_Supplied material_
--------------------
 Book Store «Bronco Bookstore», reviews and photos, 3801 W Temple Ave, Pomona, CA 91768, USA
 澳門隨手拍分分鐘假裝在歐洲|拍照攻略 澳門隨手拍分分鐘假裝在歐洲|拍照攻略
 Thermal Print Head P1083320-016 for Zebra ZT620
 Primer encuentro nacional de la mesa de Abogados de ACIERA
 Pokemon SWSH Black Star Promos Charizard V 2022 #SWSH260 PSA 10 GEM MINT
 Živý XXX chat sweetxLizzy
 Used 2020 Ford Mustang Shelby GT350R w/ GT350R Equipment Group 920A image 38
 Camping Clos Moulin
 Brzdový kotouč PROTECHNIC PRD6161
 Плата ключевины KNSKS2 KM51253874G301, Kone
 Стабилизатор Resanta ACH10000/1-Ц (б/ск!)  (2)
--------------------
_Task_
Reproduce all the data word for word.

_Response below_
 Book Store «Bronco Bookstore», reviews and photos, 3801 W Temple Ave, Pomona, CA 91768, USA
 澳門隨手拍分分鐘假裝在歐洲|拍照攻略 澳門隨手拍分分鐘假裝在歐洲|拍照攻略
 Thermal Print Head P1083320-016 for Zebra ZT620
 Primer encuentro nacional de la mesa de Abogados de ACIERA
 Pokemon SWSH Black Star Promos Charizard V 2022 #SWSH260 PSA 10 GEM MINT
 Živý XXX chat sweetxLizzy
 Used 2020 Ford Mustang Shelby GT350R w/ GT350R Equipment Group 920A image 38
 Camping Clos Moulin
 Brzdový kotouč PROTECHNIC PRD6161
 Плата ключевины KNSKS2 KM51253874G301, Kone
 Стабилизатор Resanta ACH10000/1-Ц (б/ск!)  (2)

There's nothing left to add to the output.